Pero esto aplica solo para un tipo de palabrotas: las que son espontáneas en respuesta a la angustia. De hecho, "catárticamente" es una de las cinco formas de maldecir que el psicólogo Steven Pinker identificó en su libro, The Stuff of Thought: Language as a Window into Human Nature; también hay palabrotas "descriptivas (vamos a joder)", "idiomáticas (está jodido)", "abusivas (¡jódete!)", y "enfáticas (esto es jodidamente increíble".

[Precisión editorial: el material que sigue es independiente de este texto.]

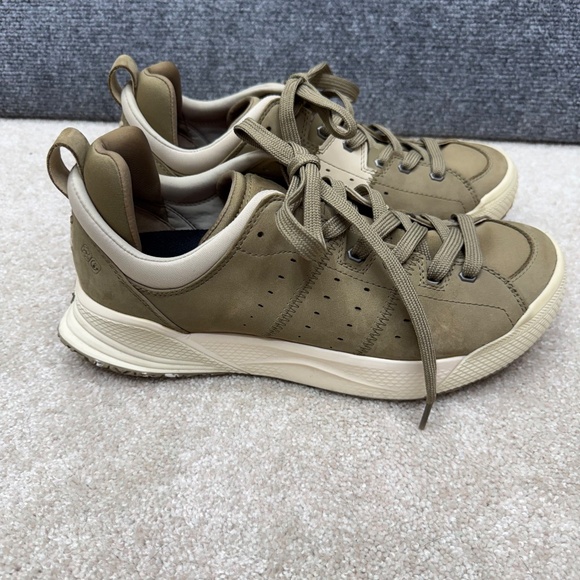 Deckers X Lab M X-SCAPE NBK LOW 1118798 shoes Men's size 10 - Picture 2 of 12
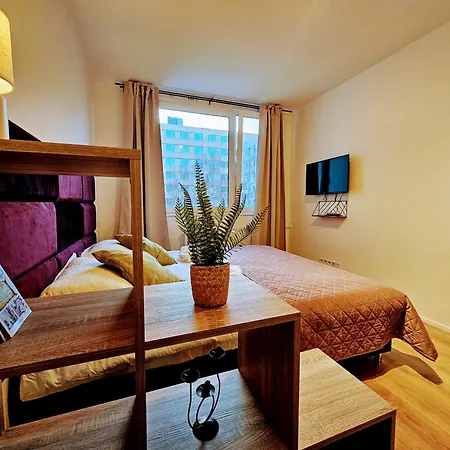 Live-inn Hotel-style 5 Apartments, 20 Mins To Centre, Gym, Reception, Free Parking, Lift, Roof Terrace & Game *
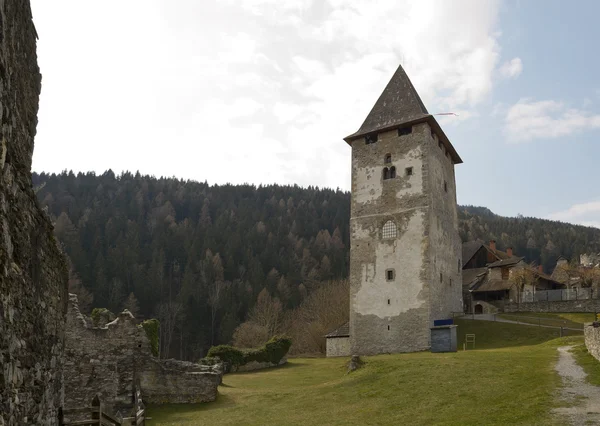 Schloss Petersberg in Friesach — Stockfoto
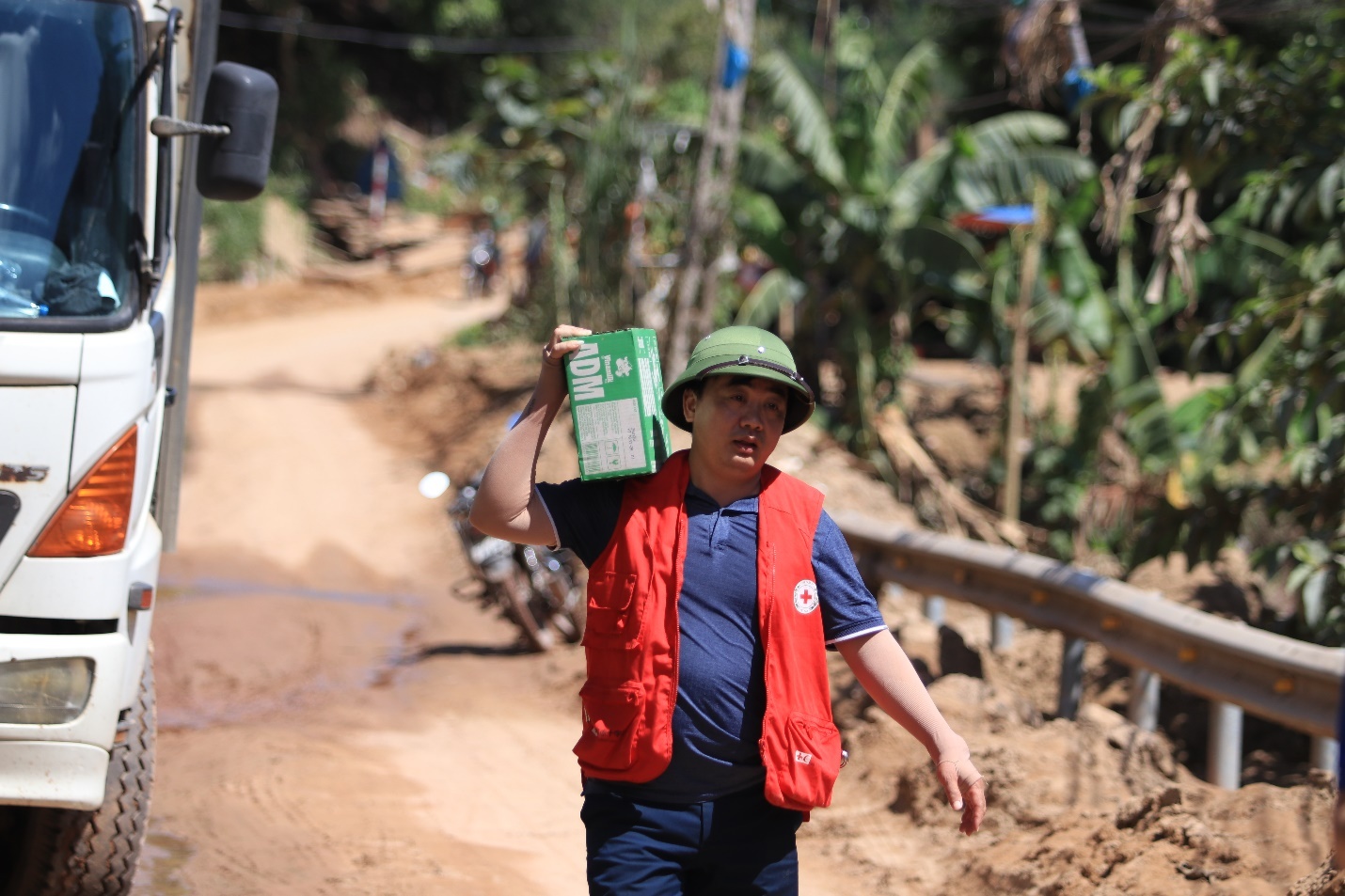 Vinamilk hỗ trợ đồng bào Nghệ An khắc phục hậu quả thiên tai Vinamilk hỗ trợ đồng bào Nghệ An khắc phục hậu quả thiên tai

Cuando se usan de manera más informal, las malas palabras "ayudan en el entorno social" a crear vínculos entre las personas, dice Bergen. Cuando sueltas un "mierda" o un "imbécil" en un entorno social, "es una manera de decir que estamos desprotegidos ante la otra persona, que hemos roto las normas de la sociedad y podemos ser nosotros mismos".

Es la razón por la cual las palabrotas son tan comunes entre los profesionales en entornos de alto estrés donde la confianza de los demás es vital; la razón de por qué se dicen tantas palabras altisonantes en las estaciones policiales, cuarteles militares y redacciones. Desde que escribió su libro sobre palabrotas, Bergen dice que muchos maestros se le han acercado y quieren saber si la frecuencia de palabrotas en los salones de sus maestros es normal; "lo suficiente como para saber que lo es", asegura.

Bergen dice que hay que tener cuidado con los políticos que maldicen supuestamente por accidente. La senadora estadounidense Kirsten Gillibrand, demócrata de Nueva York, dijo recientemente en una reunión de activistas del partido: "Si no estamos ayudando a la gente, deberíamos regresar a casa, con un carajo".

Podría ser una herramienta para ellos en esta era política más vulgar, pero es una espada de doble filo. "Las personas que maldicen son percibidas como más honestas", dice Bergen. "Puede parecer que eres más honesto o comprometido a decir lo que crees. Es un gran efecto, pero solo funciona en aquellos que están de acuerdo contigo. Si eres un extraño, es más probable que las personas crean que estás desquiciado".